Ferro Union has occupied the metal building at 1777 Haining Road at E.W. Haining Industrial Center since 1994 when Macsteel Service Centers USA bought the plant. The company has been using the building to house a facility to take huge coils of sheet steel and slice it into narrower widths. The building had been owned by a number of other companies that had operated similar facilities.
Jimmy Archer, operations manager, said it appears now that Aug. 31 will be the operation’s final day.
“We are a small shop and we only have seven employees,” he said.
Of those seven, five will lose their jobs with Ferro Union.
“Two of us will continue with the company,” Archer said. “One will stay here in Vicksburg and I will go to Houston.”
He said the five people who will lose their jobs will receive severance packages from the company.
There are a total of 24 companies and other occupants on the Haining Center and there are more than 2,600 people employed there.
In the past several years, two larger local companies have laid off entire staffs or moved them to other locations. The Bunge Corp. laid off the 90 people it employed at its port operation home in what they called at the time a temporary closing. Hayes Marketing, which was not located at the harbor, closed with the loss of about 85 jobs.
Archer said geography has a lot to do with the company’s decision to close the local plant, but the slowing of the economy was a large factor.
He also said much of Ferro Union Southwest’s business involves flat roll steel and the slitting operation does not fit well with that type of operation.
Ferro Union customers in this area will still be served, but the product will come from the Edgcomb Metals plant in Murfreesboro, Tenn. Flat steel customers have been served from the Ferro Union plant in Houston and that will continue, Archer said.
Ferro Union sells slit steel to tubing manufacturers, makers of heating, cooling and air handling equipment and companies that make duct work and flashings.

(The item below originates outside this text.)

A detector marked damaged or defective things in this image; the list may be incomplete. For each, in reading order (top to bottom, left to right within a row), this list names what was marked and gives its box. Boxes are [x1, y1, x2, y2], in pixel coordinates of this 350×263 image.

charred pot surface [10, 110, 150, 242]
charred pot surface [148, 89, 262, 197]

Archer said he did not know what would happen to Ferro Union’s 55,000-square-foot local building and 11 to 12 acres of land or whether the equipment would be moved, sold in place or disposed of in some other way.
He did say Jimmy Heidel, executive vice president of the Vicksburg Warren County Chamber of Commerce, took a prospective buyer to look at the building this week. Archer said he did not know if any arrangement to sell the building had been made.
Heidel confirmed that a company had looked at the building but said no deal had been negotiated.